Had a bad week? One that made you cry? One where you got smacked sideways by a setback you never saw coming?

John Boehner has some advice for you: change the subject.

That’s the option the speaker of the House chose this week when he walked into the media lion den -– his weekly press briefing -– to answer questions after House Majority Leader Eric Cantor was handed his walking papers by the voters of Virginia’s 7th Congressional District.

When reporters pressed him on Cantor’s downfall and the leadership chasm it opened within the House majority, Boehner insisted the real problem was not to be found on Capitol Hill, but at the White House.

“This is a time for unity,” Boehner said. “This is a time to focus on what we all know is true, that the president’s policies have failed the American people.”

The news conference included questions about Cantor and the House leadership race -– which he mostly blew off — and the Bergdahl affair.

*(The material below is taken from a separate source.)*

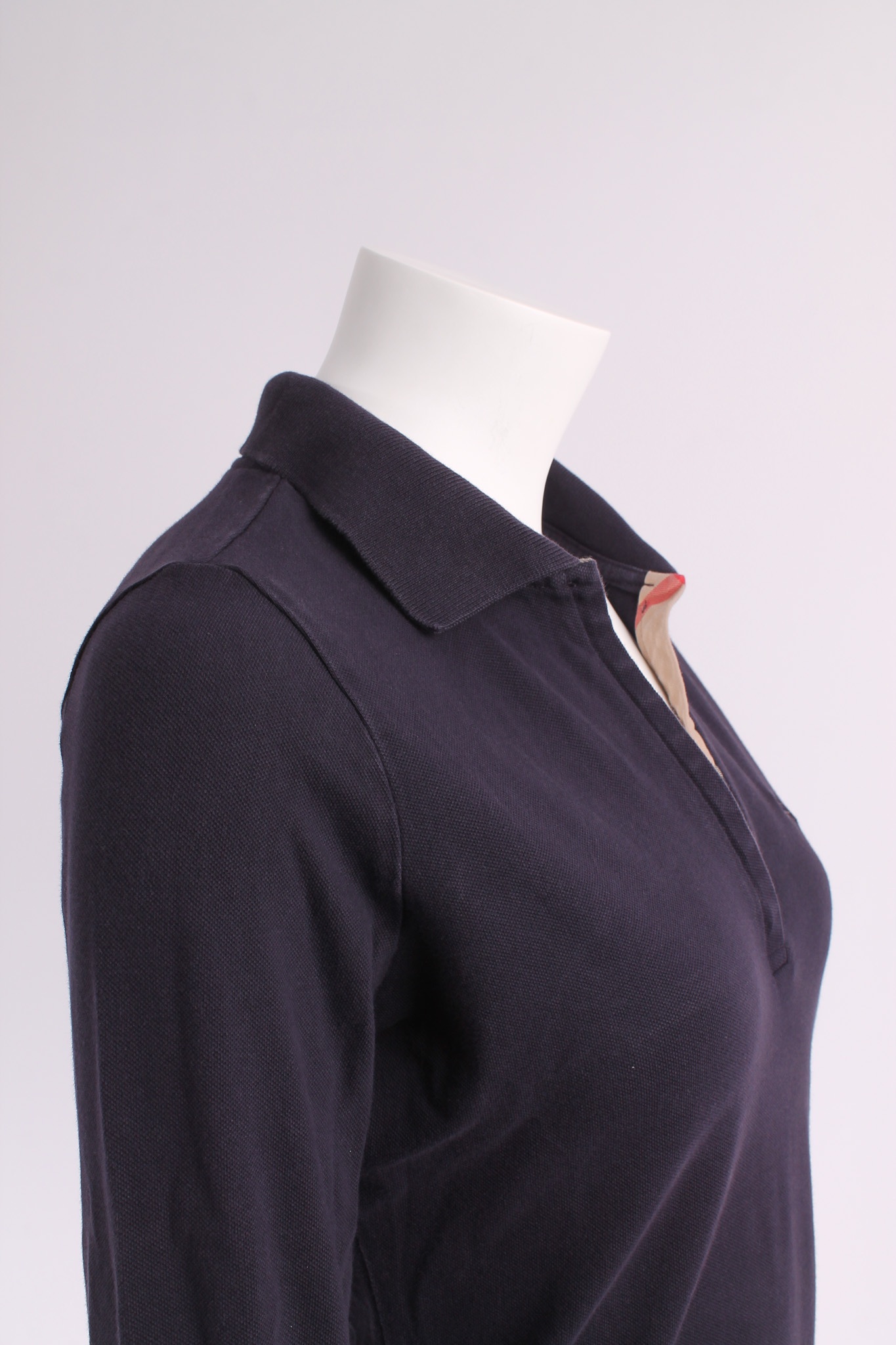 Alternative view of BURBERRY Polo small logo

He said it was a mistake to swap the U.S. soldier for five Guantanamo detainees.

But it was the final question -– about the sudden deterioration in Iraq -– that the speaker seemed to be waiting for.

“It’s not like we haven’t seen this problem coming for over a year, and … it’s not like we haven’t seen, over the last five or six months, these terrorists moving in, taking control of Western Iraq,” he said animatedly.

“Now they’ve taken control of Mosul. They’re 100 miles from Baghdad. And what’s the president doing?” he said, his voice rising. “Taking a nap!”

Perhaps knowing he would not utter a better soundbite that day, Boehner then picked up his notes and strode from the room. Minutes later, his “taking a nap” quote overshadowed all talk of Republican disunity.

The White House tries this too. Earlier this week, in the middle of an event on student loan forgiveness, the president interrupted himself -– alerting the press that he was straying from his prepared script — to launch a shot across the bow at congressional Republicans who would not endorse his plan.

“If you’re a big oil company, they’ll go to bat for you,” he said. “If you’re a student, tough luck.”

But changing the subject only takes you so far. The student loan bill the president endorsed still fell. And on the day Boehner accused him of napping, he still had to explain why Iraq seems to be collapsing as the U.S. appears to watch from the sidelines.

President Obama said he wants to help but is not interested in sending “U.S. troops to play whack-a-mole” around the world to put down insurgencies.

That’s the White House’s reality. Boehner’s reality is that he has to form a new Capitol Hill leadership team at a time when voters are sending a series of clear messages that Washington is not their favorite flavor.

It can safely be said neither man had the best of weeks.